Short descriptive text snippets:
────────────────────

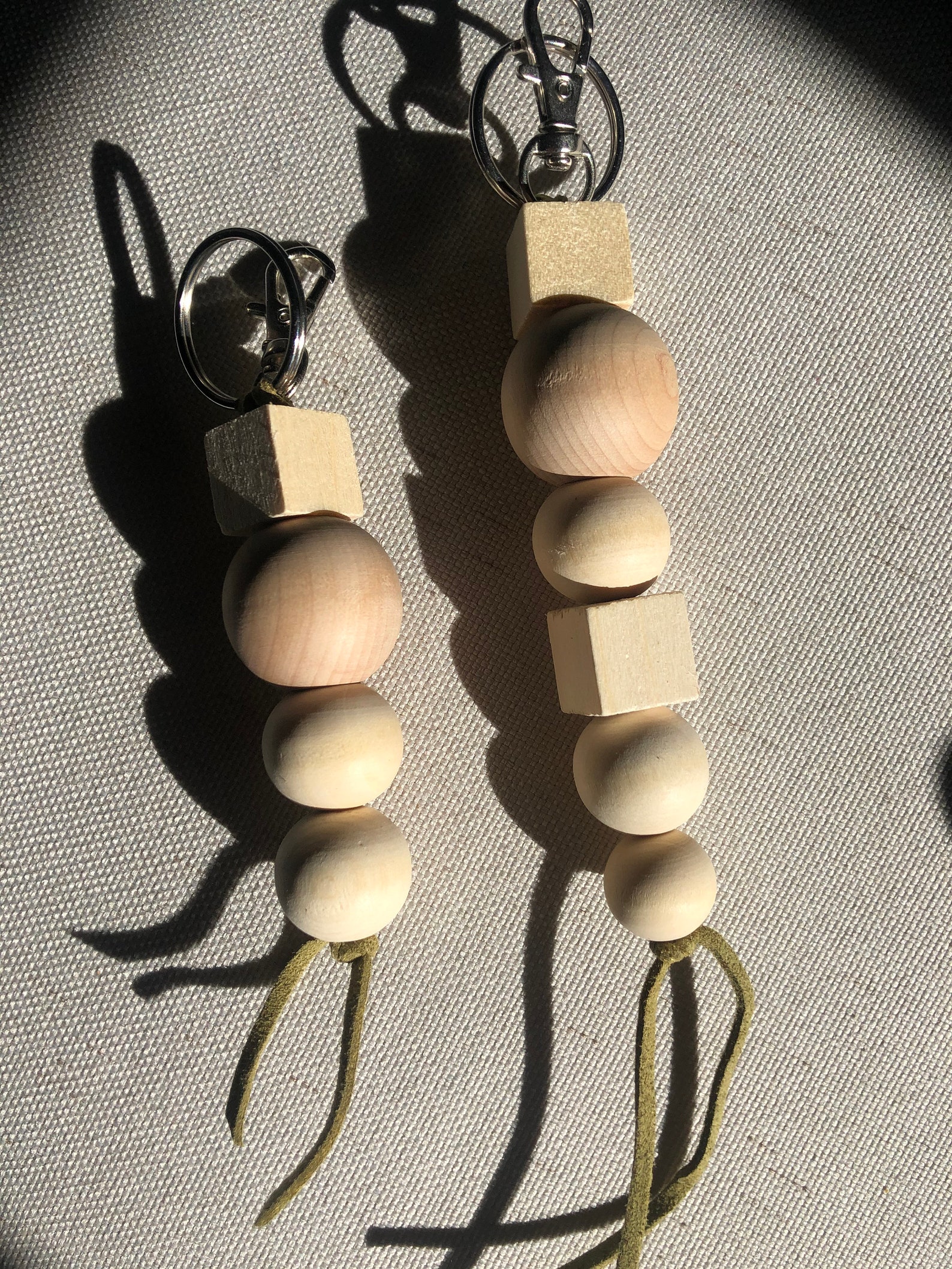 Wood Bead Key Chain Wooden Bead Key Ring Handmade Key Etsy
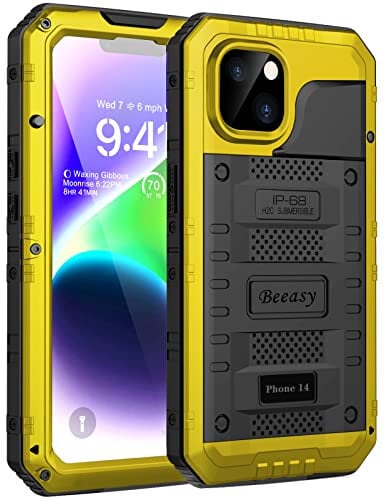 Beeasy für iPhone 14 Wasserdicht Outdoor Hülle (6,1), Stoßfest Panzerhülle Militär 360 Grad Schutzhülle mit Displayschutz, Robust Metall Heavy Duty Handyhülle iPhone 14 Case, Gelb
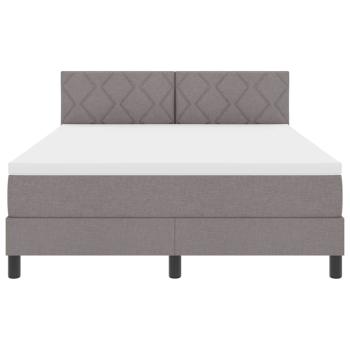 LED Boxspringbett mit Matratze Taupe 160x200 cm Stoff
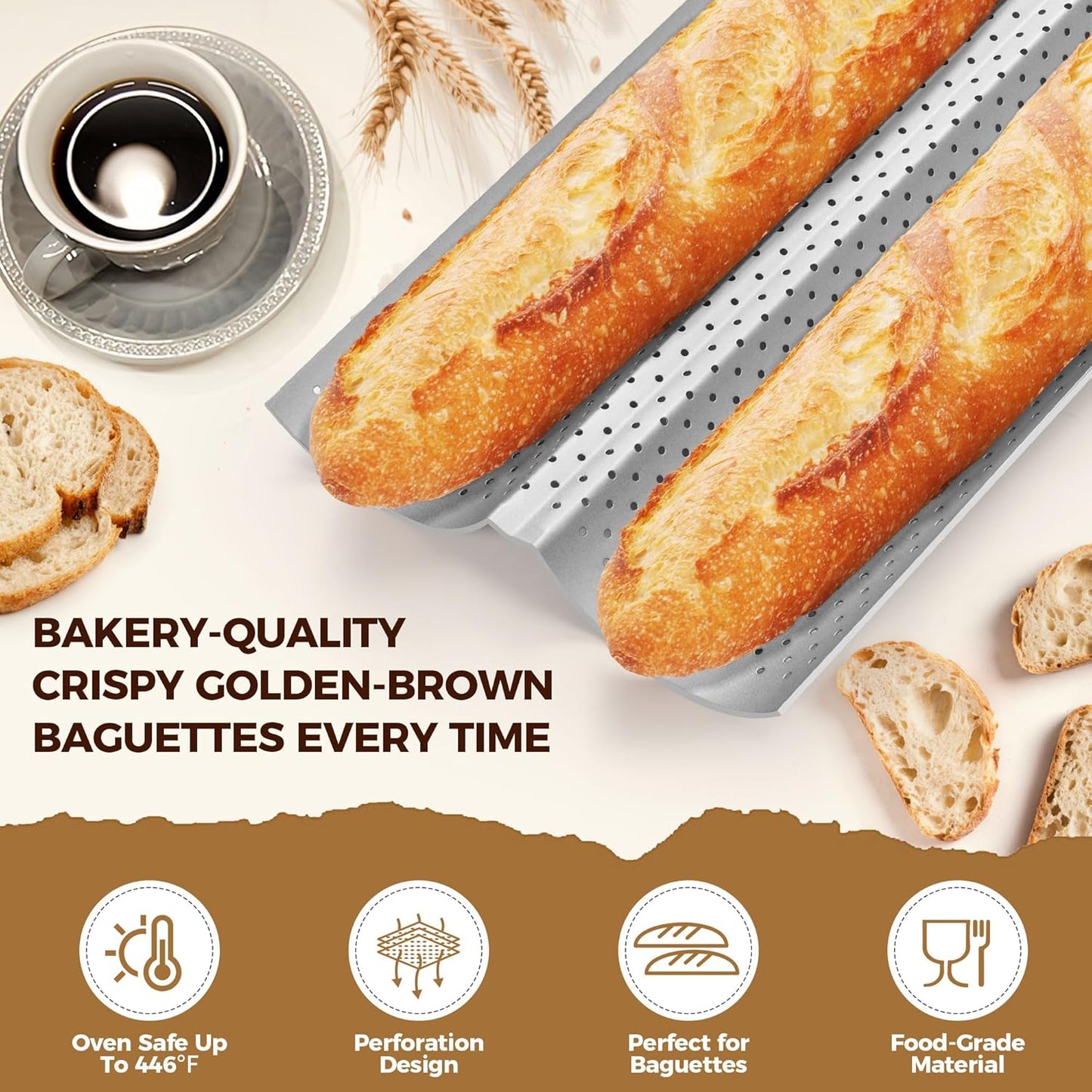 Baguette Bread Pan, Premium Nonstick Perforated French Bread Baking Pan, 2 Loaves Baguette Tray for Sourdough, Italian Bread Baking, Perfect for Creating Crisp Golden-Brown Crust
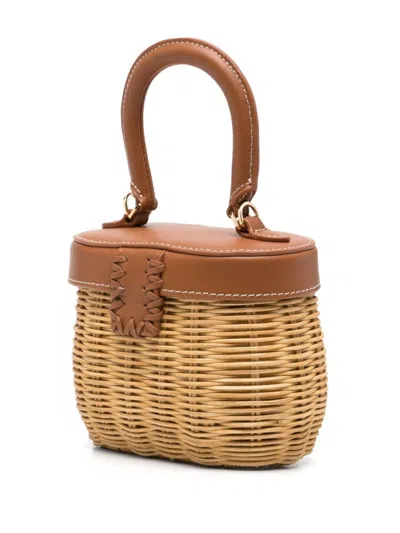 Self-portrait Woven Design Bag With Bow Detail And Chain-link Strap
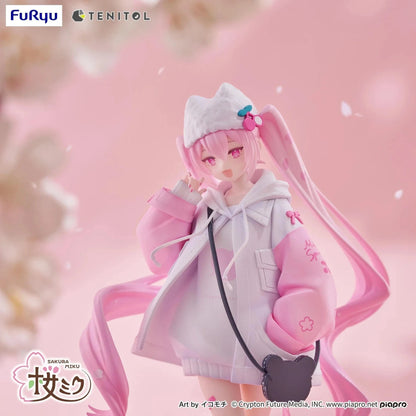 Vocaloid Tenitol Petit Sakura Miku Cool Style Figure featuring Sakura Miku in a pink and white hoodie outfit with twin-tails and a cat-shaped bag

────────────────────

Required action
Repeat every entry above exactly; images stay out of the copy.

Finished exercise
 Wood Bead Key Chain Wooden Bead Key Ring Handmade Key Etsy
 Beeasy für iPhone 14 Wasserdicht Outdoor Hülle (6,1), Stoßfest Panzerhülle Militär 360 Grad Schutzhülle mit Displayschutz, Robust Metall Heavy Duty Handyhülle iPhone 14 Case, Gelb
 LED Boxspringbett mit Matratze Taupe 160x200 cm Stoff
 Baguette Bread Pan, Premium Nonstick Perforated French Bread Baking Pan, 2 Loaves Baguette Tray for Sourdough, Italian Bread Baking, Perfect for Creating Crisp Golden-Brown Crust
 Self-portrait Woven Design Bag With Bow Detail And Chain-link Strap
 Vocaloid Tenitol Petit Sakura Miku Cool Style Figure featuring Sakura Miku in a pink and white hoodie outfit with twin-tails and a cat-shaped bag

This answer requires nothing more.